DESCRIPTION OF THE TASK
In the material below, begin at the line that has "Do I need a", stop after the line that has "Solved у 2 kN", and transcribe those lines exactly, without pictures.

DATA TO USE

◆ ◆ ◆ ◆ ◆ ◆ ◆

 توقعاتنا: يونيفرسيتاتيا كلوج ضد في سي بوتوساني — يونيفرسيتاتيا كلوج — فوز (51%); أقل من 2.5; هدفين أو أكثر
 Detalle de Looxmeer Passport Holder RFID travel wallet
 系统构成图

◆ ◆ ◆ ◆ ◆ ◆ ◆

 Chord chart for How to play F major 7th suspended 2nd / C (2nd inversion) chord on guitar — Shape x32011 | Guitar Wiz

◆ ◆ ◆ ◆ ◆ ◆ ◆

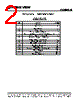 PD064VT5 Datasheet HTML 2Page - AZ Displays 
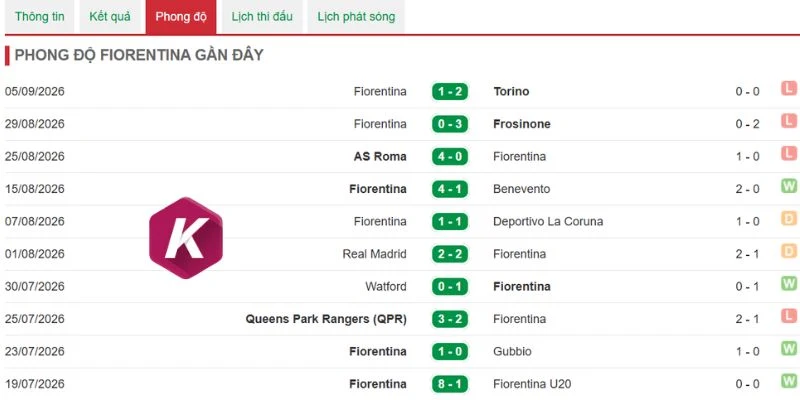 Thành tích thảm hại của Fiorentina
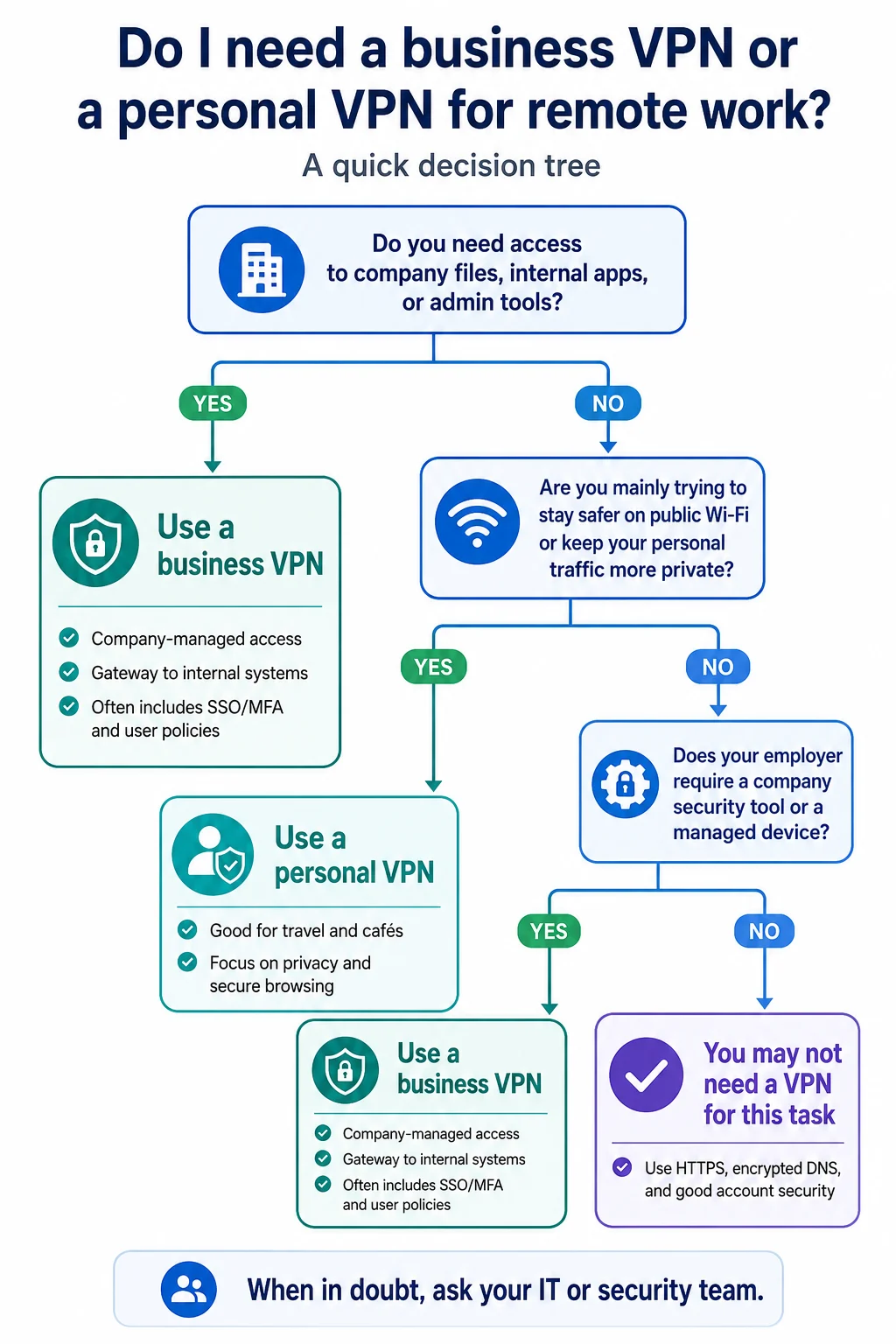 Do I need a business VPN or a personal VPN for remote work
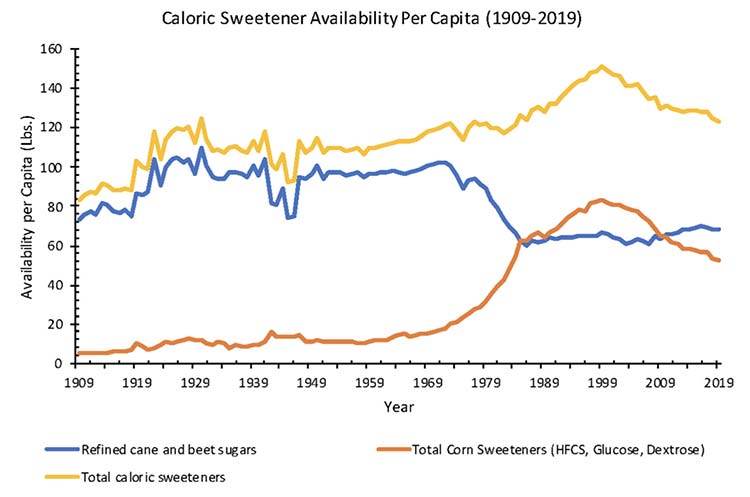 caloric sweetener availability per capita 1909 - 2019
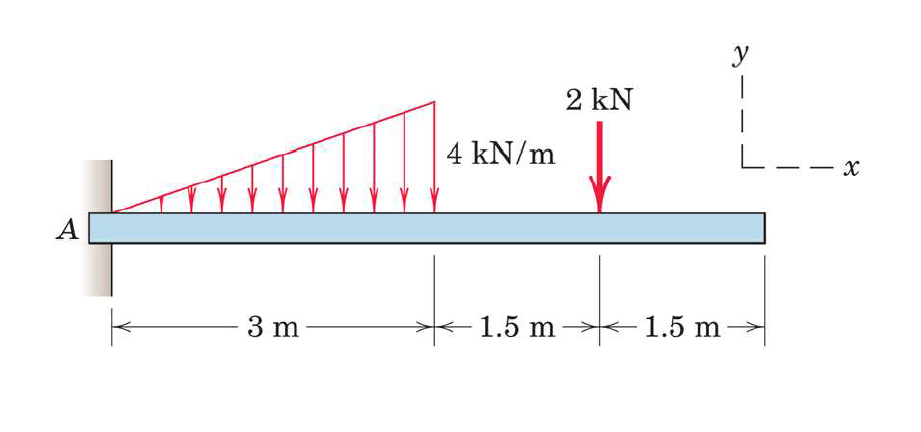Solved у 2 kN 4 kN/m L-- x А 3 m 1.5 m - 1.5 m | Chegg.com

◆ ◆ ◆ ◆ ◆ ◆ ◆

ANSWER SPACE
 Do I need a business VPN or a personal VPN for remote work
 caloric sweetener availability per capita 1909 - 2019
Solved у 2 kN 4 kN/m L-- x А 3 m 1.5 m - 1.5 m | Chegg.com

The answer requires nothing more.